Yes, I know I live in South Carolina. And I know it’s summer. And yeah, yeah, if I hate heat so much, why did I ever leave Michigan? Oh, stop. You’re getting on my last nerve, which means you’re too dang close, especially in this heat. No one should have to suffer this heat day after day, especially the girl who used to get heat rashes in Michigan.


If you’re sitting in the bow of a fast-moving boat, cutting across a beautiful lake, an ice-cold bottle of water in hand, with huge dollops of sun screen rubbed into your exposed parts, the heat can be tolerated. If, however, you’re grilling over hardwood charcoal on your South-facing patio, or taking a walk, or experiencing the 3:30 P.M. Farmer’s Market in town, it’s too hot. I can’t imagine how the workers building a house down the street manage. I should go over and turn the water hose on them—they’d probably erect a shrine in my honor.

Maybe I’ll go turn the hose on myself. The shrine-erecting can come after. Possibly in October.

Monday, June 14, 2010

Purge


If you walked into my house, you would think I was obsessively tidy. You would be wrong. There are pockets of chaos in my life—mostly to do with the written word. Too many books, too many articles torn out of magazines, too many recipes clipped or printed from the internet… Periodically I have to go through and sort, file and purge so that I can breathe again.

I have a lot of stuff. Every kitchen drawer and cabinet—except the one above the fridge, now that I think about it—is stuffed. I use most of my kitchen items regularly. But I realized recently that I even hang on to stuff I don’t like and don’t have a need for.

An example? Tarragon, an herb. I can’t stand the stuff. But brilliant me kept it in an overcrowded spice cabinet until I forgot how much I hated it, and last week I ruined some chicken salad (new recipe) with it.

So the tarragon is gone now, and the sesame seeds and thyme sit a little closer together in the turntable. (Shut up. It’s not obsessive to alphabetize spices. It’s practical.) And I am eyeing a few other things in my house that are no longer needed and I don’t even like. No, John, I’m not talking about you.
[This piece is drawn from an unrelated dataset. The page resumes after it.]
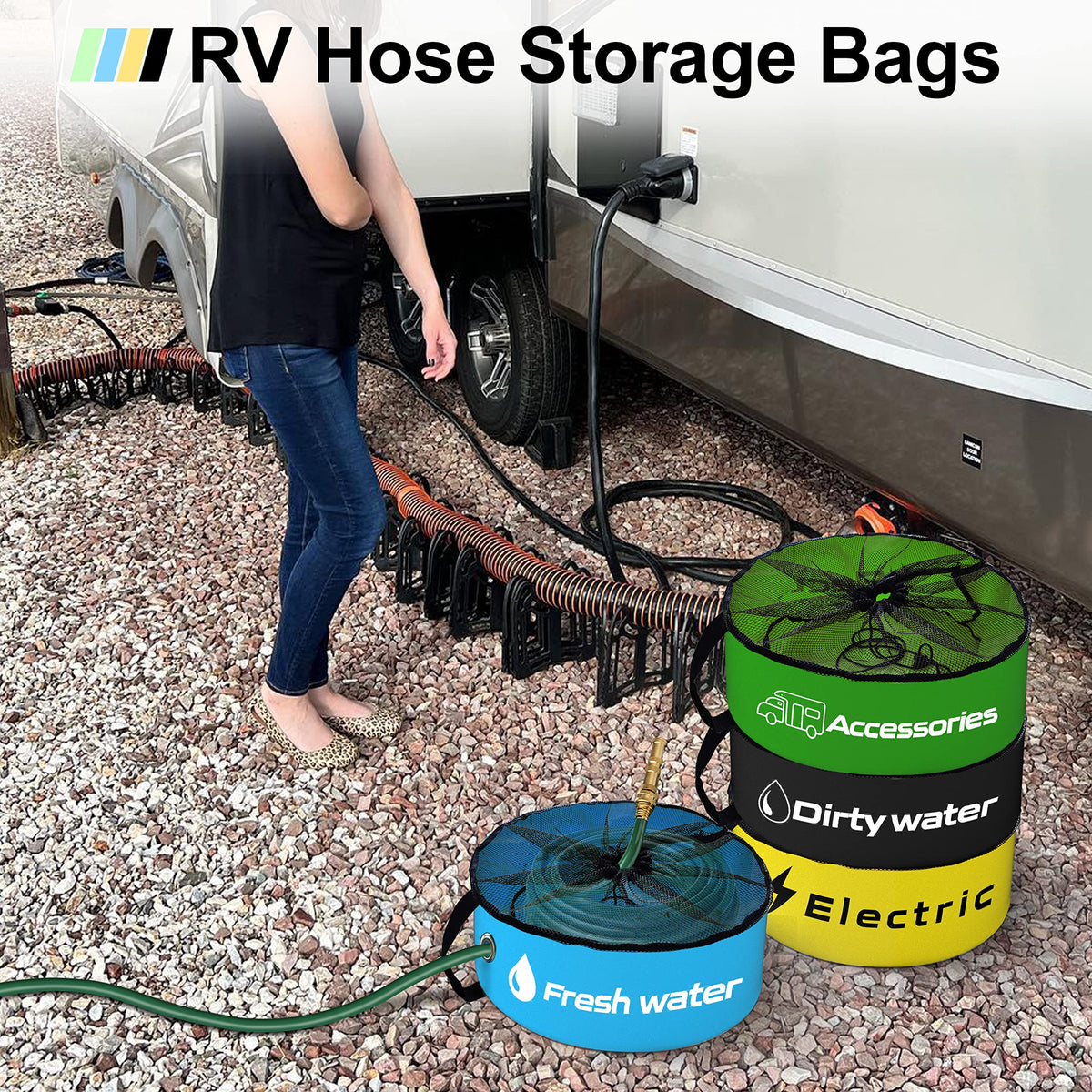CircleRoad all four color-coded bags grouped for quick visual sorting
My brain gets cluttered, too. I’m an emotional person and have many loved ones in my life. Sometimes I get caught up in their pain and chaos, and I worry too much. So then I need to sort, file and purge. And breathe.
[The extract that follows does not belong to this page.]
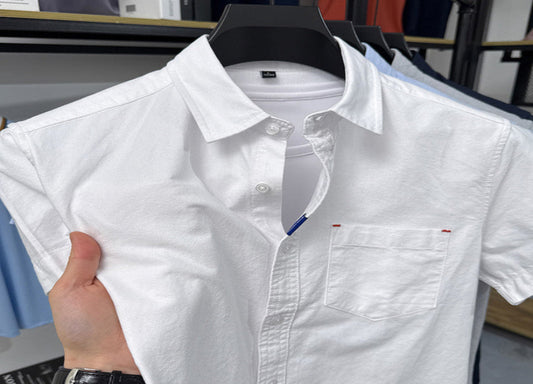 100 Cotton Shirt Men's Summer 2026 New Short-sleeved Casual Fashion Breathable All-match Lapel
The next time you walk into my house you probably won’t notice a difference, but underneath I may have made a bit of a difference. In my house clutter, too.
What about you? Are you a clutterer? Ready to purge?

Wednesday, June 2, 2010

Vacation Brain


Recently I went on a vacation, a true vacation, not the annual grueling trip to our birthplaces, where we stay in other people’s homes whether they have room for us or not, and spend half of the trip in the car. No, this was a vacation. Beautiful rental house two blocks from the ocean beach, next to the pool, two blocks from restaurants, shops, free music nightly and an ice cream shop.

Heaven.

My life consisted of reading, hanging out on the beach, going to the pool, and usually going out to dinner. The hardest decision was when to shower; were we going to the pool or ocean in a minute? Shower before or after?
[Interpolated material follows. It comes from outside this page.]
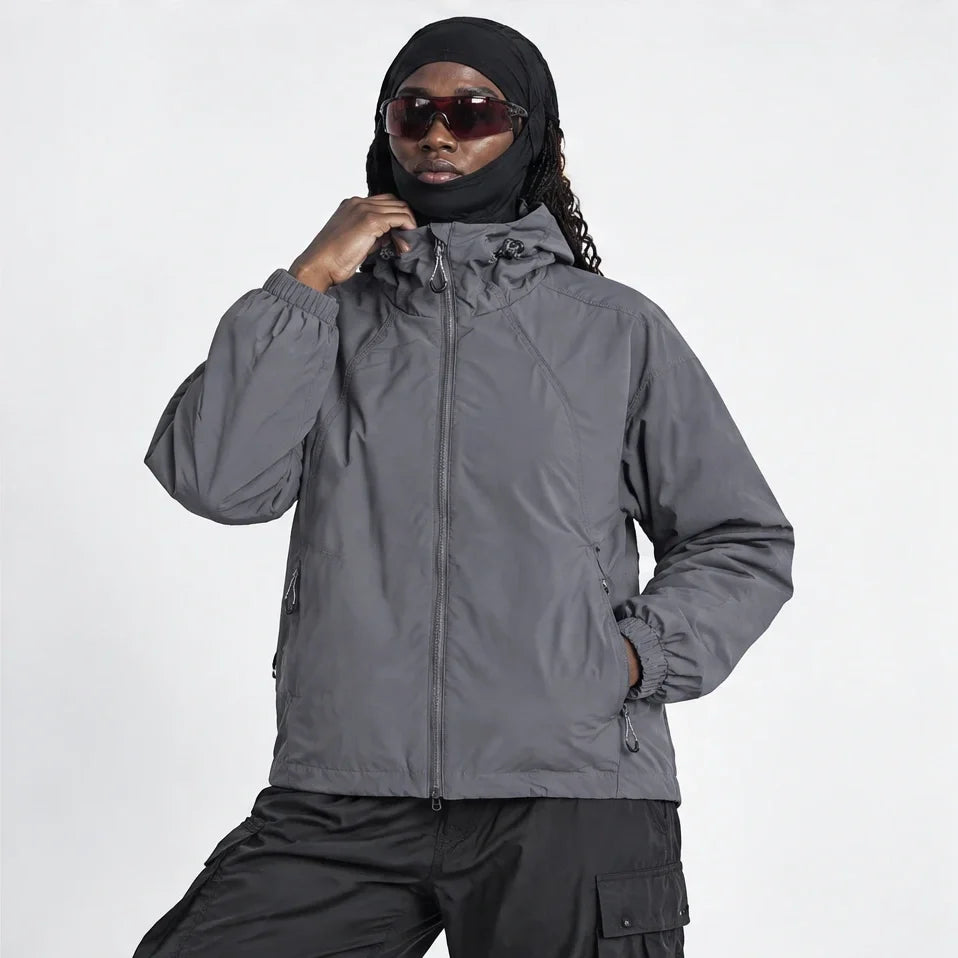 Zephyr - Unisex Water-Repellent & Windproof Hooded Lightweight Jacket - Dark Grey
Before we left for Hilton Head Island, SC, I had visions of spending hours writing. I would have nothing but time, right? And I did write, some. But if I wasn’t in or near the water, I wanted to relax and read.

Vacation brain. I’ve only “suffered” from it a few times. As I mentioned, many of our vacations are spent driving 700+ miles to Michigan, then driving all over the state to visit family and friends and attend a reunion, then driving back home. It’s a blast, if exhausting, but there’s not much time to fully relax or to write. One summer I was so determined to keep writing, I wrote on a yellow legal pad in the car. And no, I wasn’t driving.

Vacation brain is the absence of worries, a calm, orderly, beautiful life, doing only what you want to do. In real life I don’t have a job to rush back to anymore, but I have a house, laundry, groceries to buy, children and grandchildren to cook for and spend time with, volunteer work, extended family concerns, friends, church, and writing. The first day back, I felt overwhelmed.

Ah, well, life is life and vacation is vacation. Time to get back to my real world and the fictional world of my novel, and neither of them are bad places to be. But oh, vacation brain—it’s a wonderful place.

Where is your wonderful place? Where do you go to experience “vacation brain?”